Need inspiration? Look to the edible gardens of Northern California’s wine country, which are brimming with these and hundreds of other fruits and vegetables. Much like the adrenaline rush vineyard managers feel at the start of the grape harvest, master gardeners from Livermore’s Wente Vineyards to Sonoma’s Stone Edge Farm Estate Vineyards & Winery are buzzing with optimism as they bring in pristine produce for the estate kitchens’ veggie-centric dishes.

How do they know what to grow? They collaborate with the estate’s restaurant chef or culinary director as early as January, poring over specialized seed catalogs that are the “ultimate dream books” for people who love to eat and garden, says Napa master gardener and food writer Janet Fletcher.

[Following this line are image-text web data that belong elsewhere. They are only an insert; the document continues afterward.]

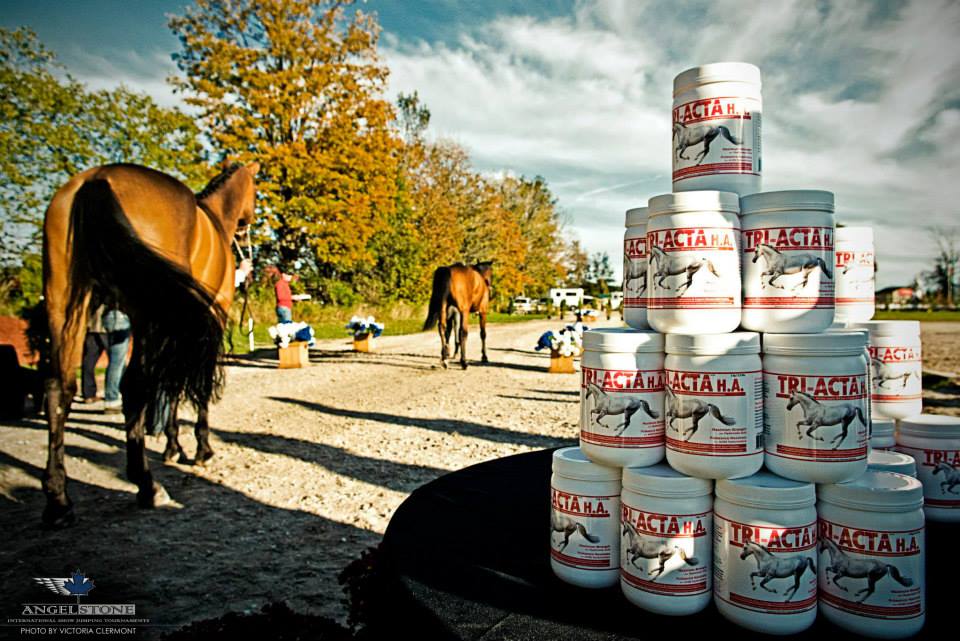 horses-training-by-triacta-supplements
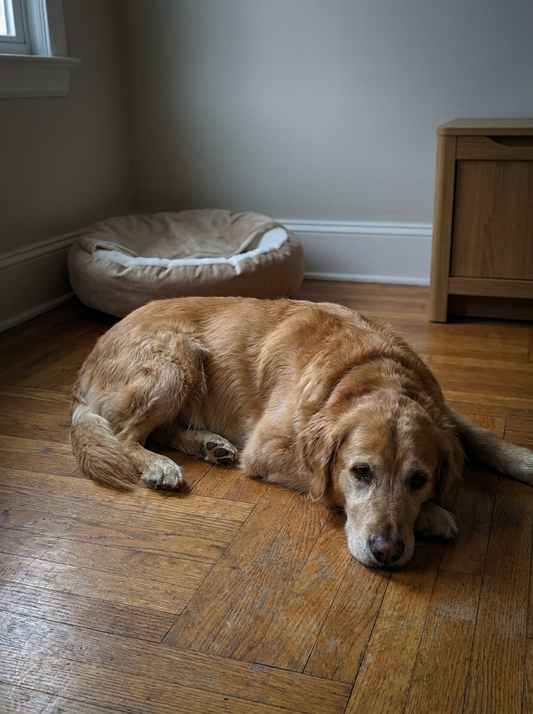 CozyNest Calming Orthopedic Pet Bed for Dogs & Cats
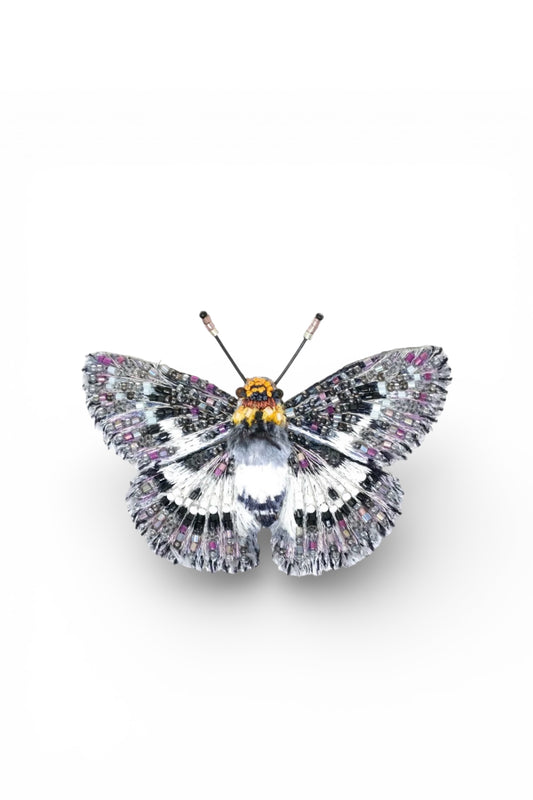 Yellow Breast Flat Butterfly Brooch Pin Accessories Trovelore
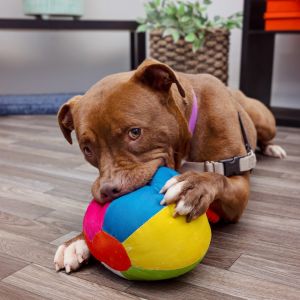 Meet Clark Kent This curious 4-year-old loves fetch exploring new places and sampling all kinds o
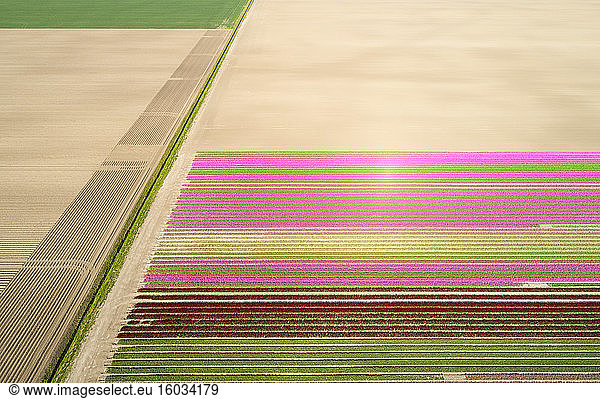 Luftaufnahme von Blumenzwiebelfeldern im Norden der Niederlande.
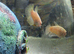 Betta fish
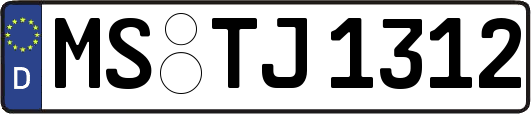 MS-TJ1312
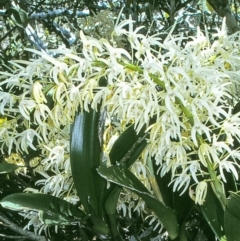 Dendrobium speciosum (Rock Lily) at Brogo, NSW - 15 Oct 1997 by BettyDonWood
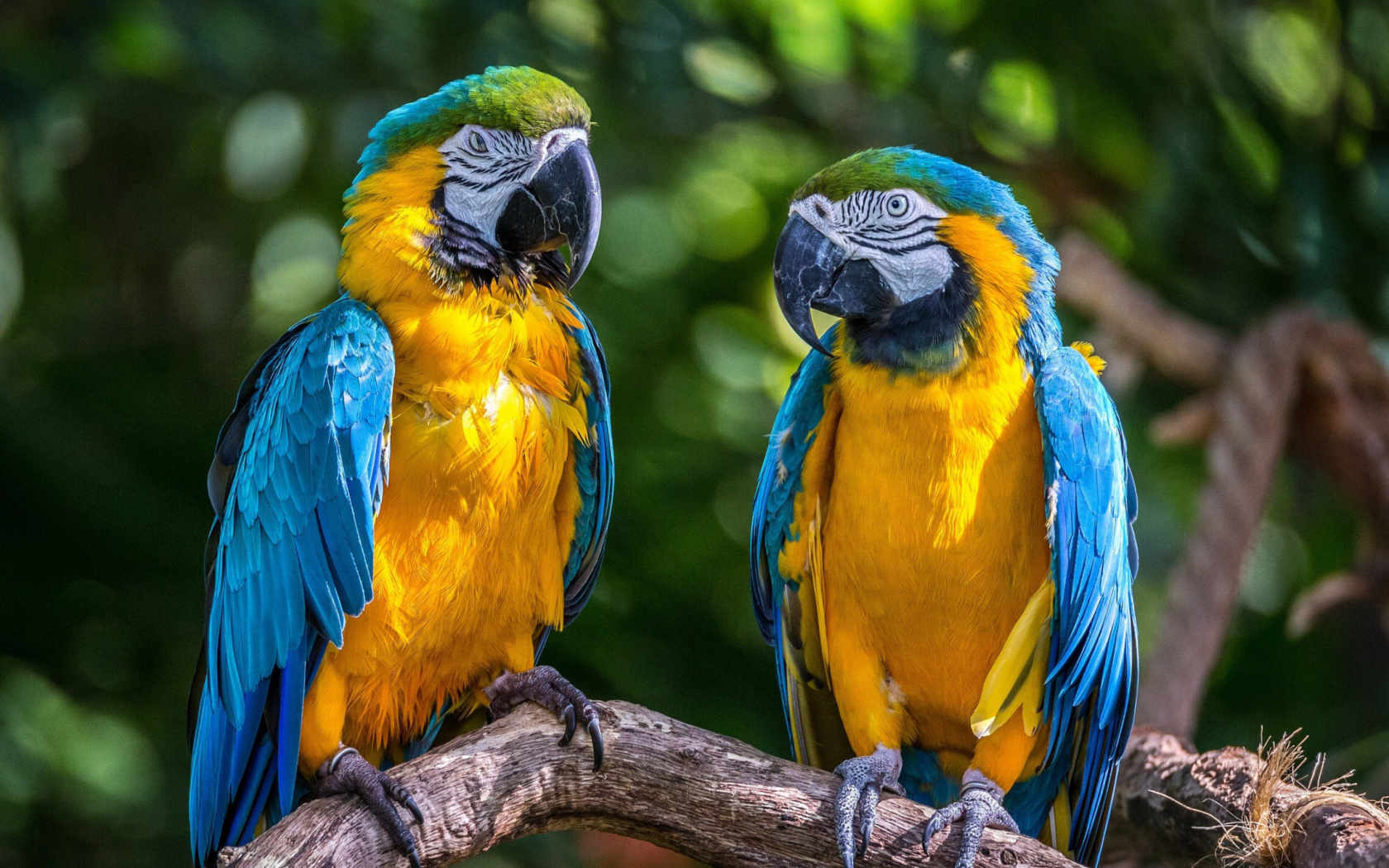 Обои Blue and Yellow Macaw Spot 1680x1050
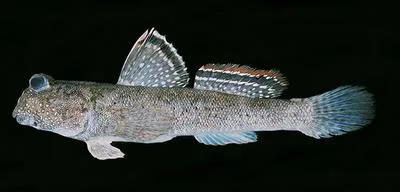 Common mudskipper (Periophthalmus kalolo)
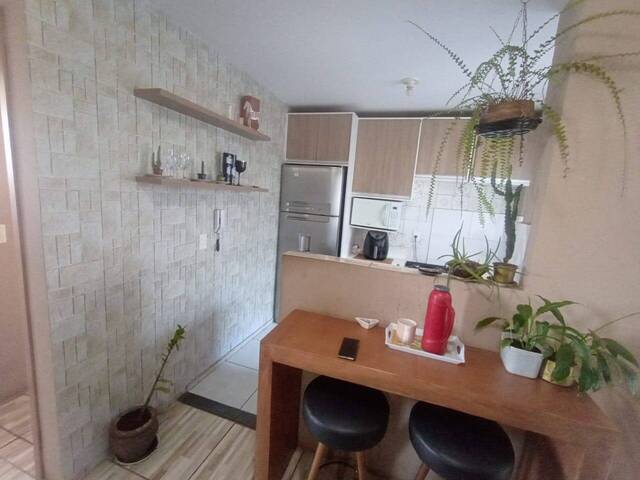 Apartamento para Venda em Arapongas - 5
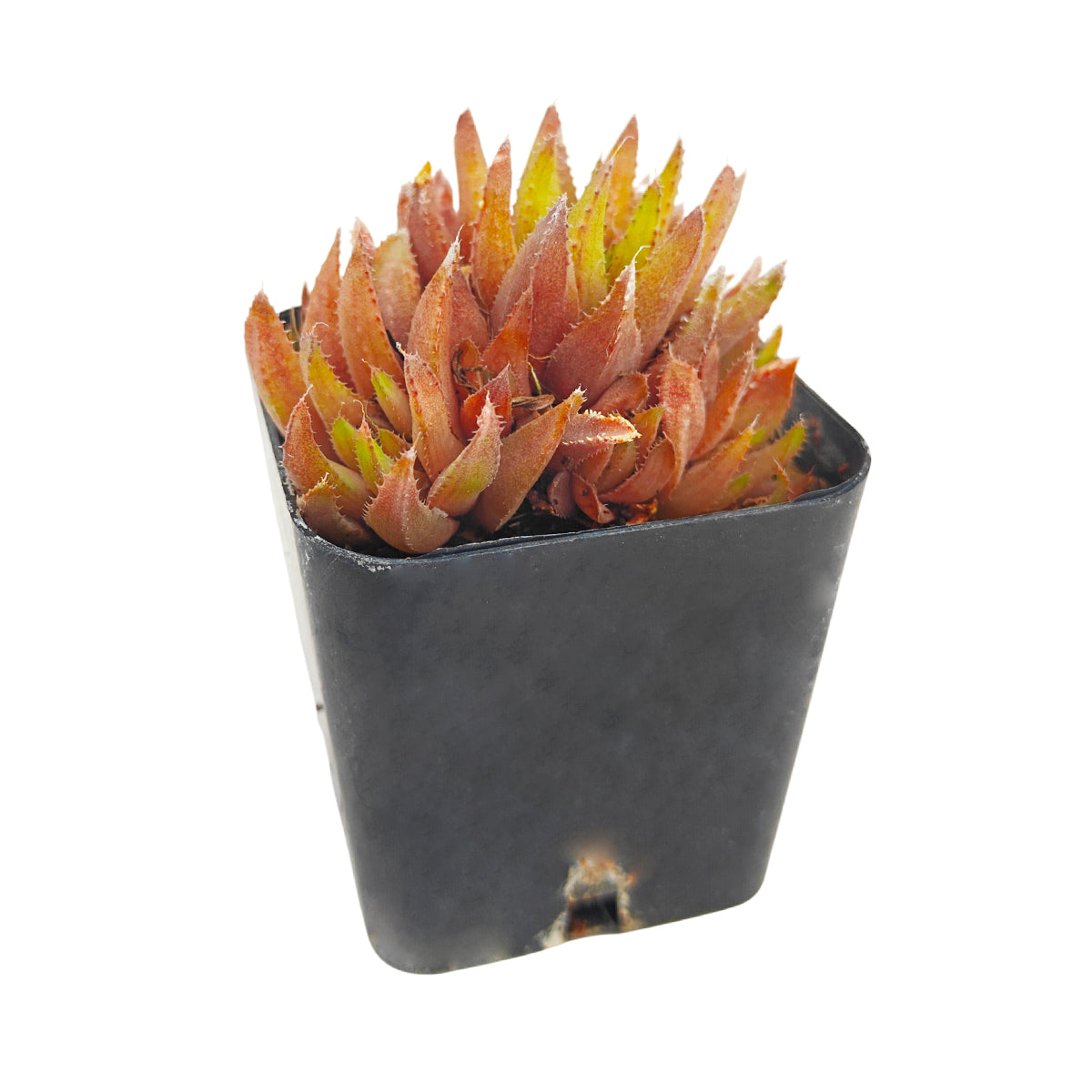 buy haworthia ed storms live succulent 2 inch online, displayed in white modern pot highlighting its sleek architectural leaf form, long narrow ciliate leaves forming a tight compact rosette, translucent leaf windows create a unique glass-like appearance, rare collector cultivar with heirloom heritage, sophisticated minimalist home decor accent for contemporary interiors, a memorable and low-maintenance gift for any plant enthusiast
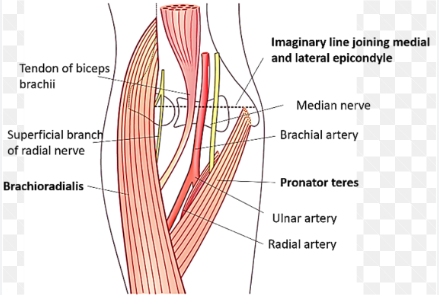 <p>Superficial branch and deep branch/posterior interosseous nerve</p>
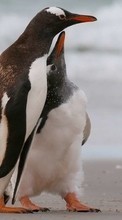 Baixar a imagem para celular Pinguins,Aves,Animais grátis.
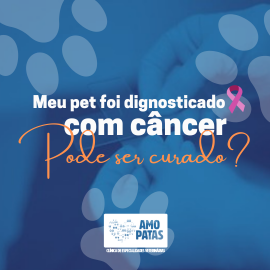 Meu pet foi diagnosticado com câncer. Pode ser curado?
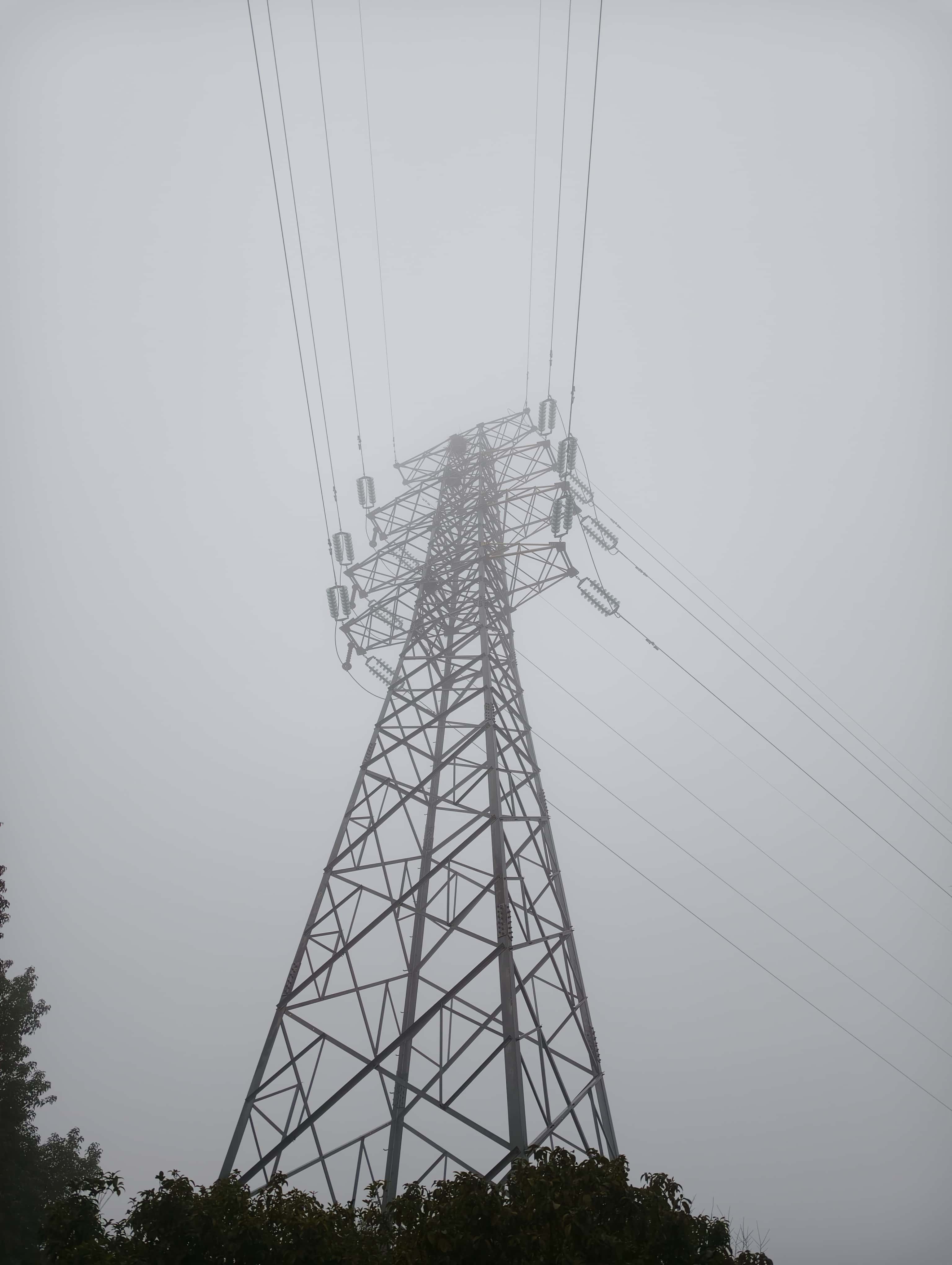 IMG 20260211 082819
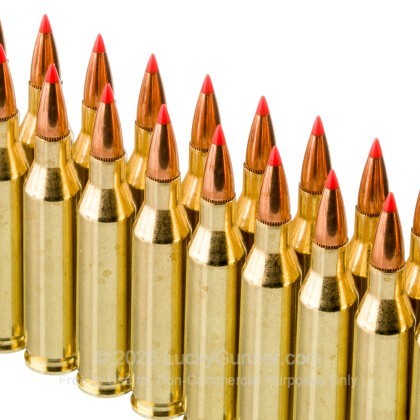 Large image of Hornady American Whitetail Tipped 243 Ammo For Sale - 95 Grain SST - 20 Rounds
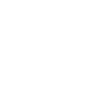 Auto Icon Auto Icon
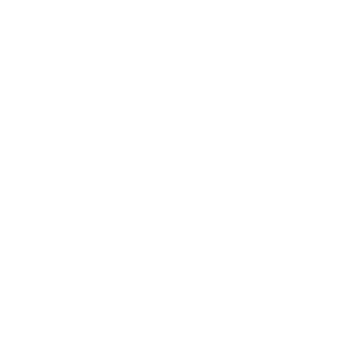 logo website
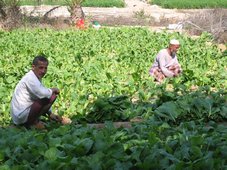 Agriculture au Qatar.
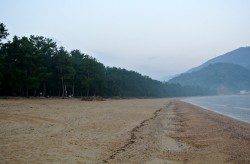 気比の松原で投げ釣り　キスの気配ない状態でした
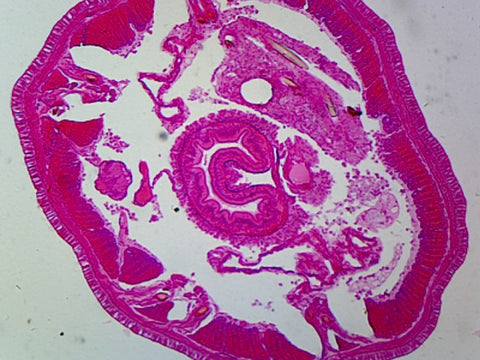 Earthworm (Anellids); Cross Section by Go Science Crazy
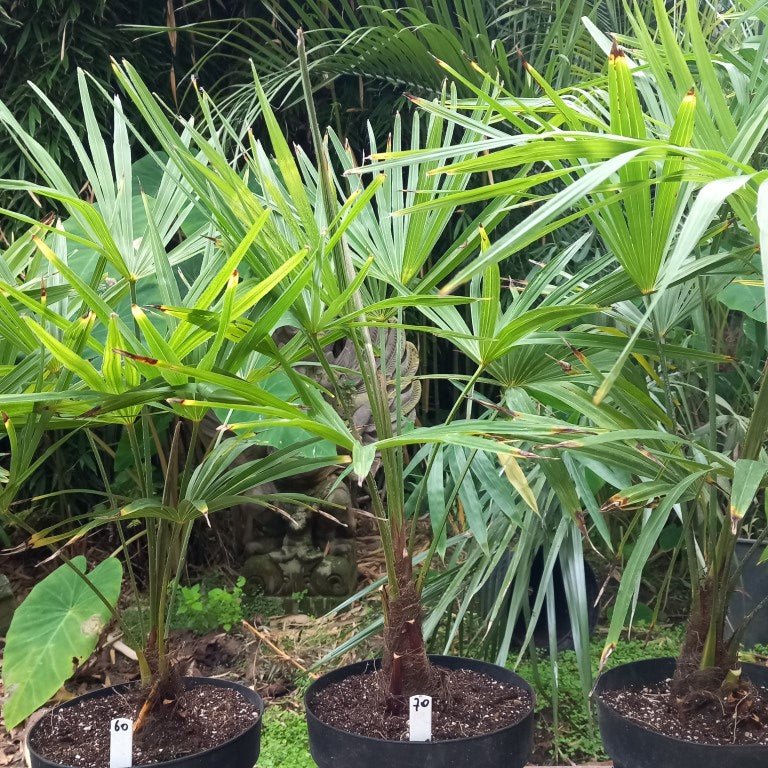 Trachycarpus fortunei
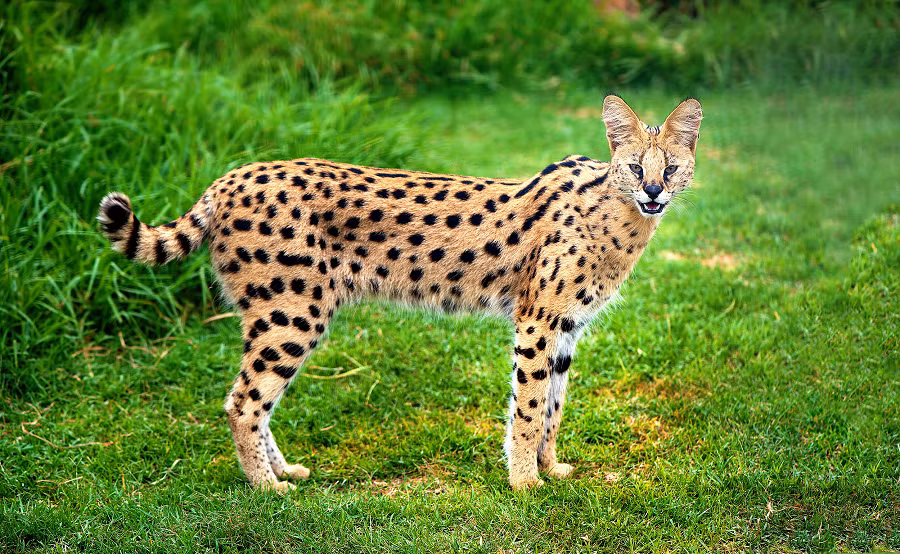 7. Savannah Cat (Lai giữa Mèo Nhà và Mèo Serval): Savannah Cat là kết quả của sự lai tạo giữa mèo nhà và mèo serval châu Phi. Chúng có vẻ ngoài hoang dã với các đốm và sọc, nhưng lại có tính cách thân thiện và dễ gần.(Ảnh: Earth)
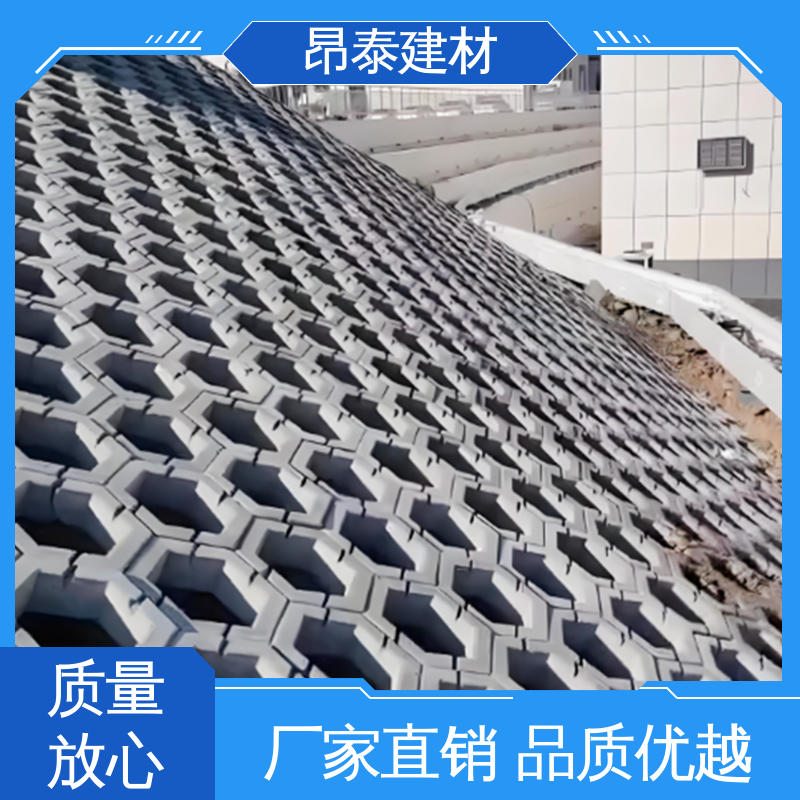 昂泰建材 不易变形 实心水泥道路砖 适用范围广 六角护坡砖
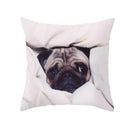 Axyaa Pug Dog Pillow Case 45*45CM Cute Dog Decorative Cover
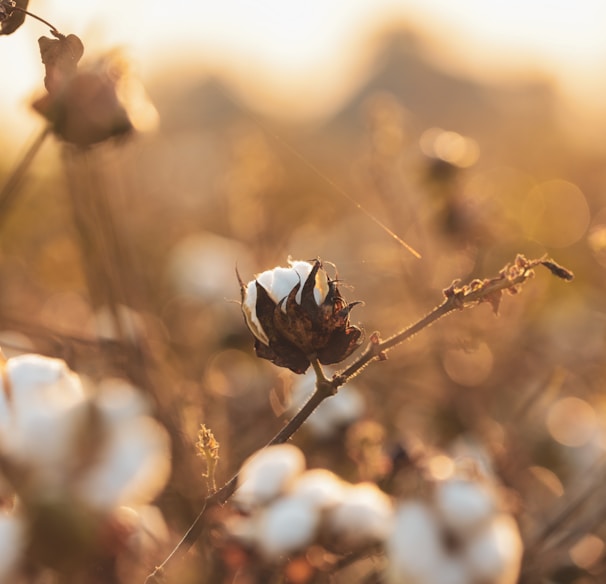 a close up of a cotton plant with a blurry background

Her new cookbook, “Gather: Casual Cooking from Wine Country Gardens” (Jennifer Barry Design Books, $45), reveals the stunning culinary gardens of 13 Northern California wineries, from the mountain farmlike garden maintained by Clif Family Winery in St. Helena to the Mediterranean-inspired grounds at Skipstone in Geyserville, along with pro gardening tips and more than 65 tantalizing recipes, such as Mixed Chicory Caesar with “Cacio e Pepe” Croutons and Little Gem Lettuces with Radishes, Fennel and Verjus-Umeboshi Vinaigrette.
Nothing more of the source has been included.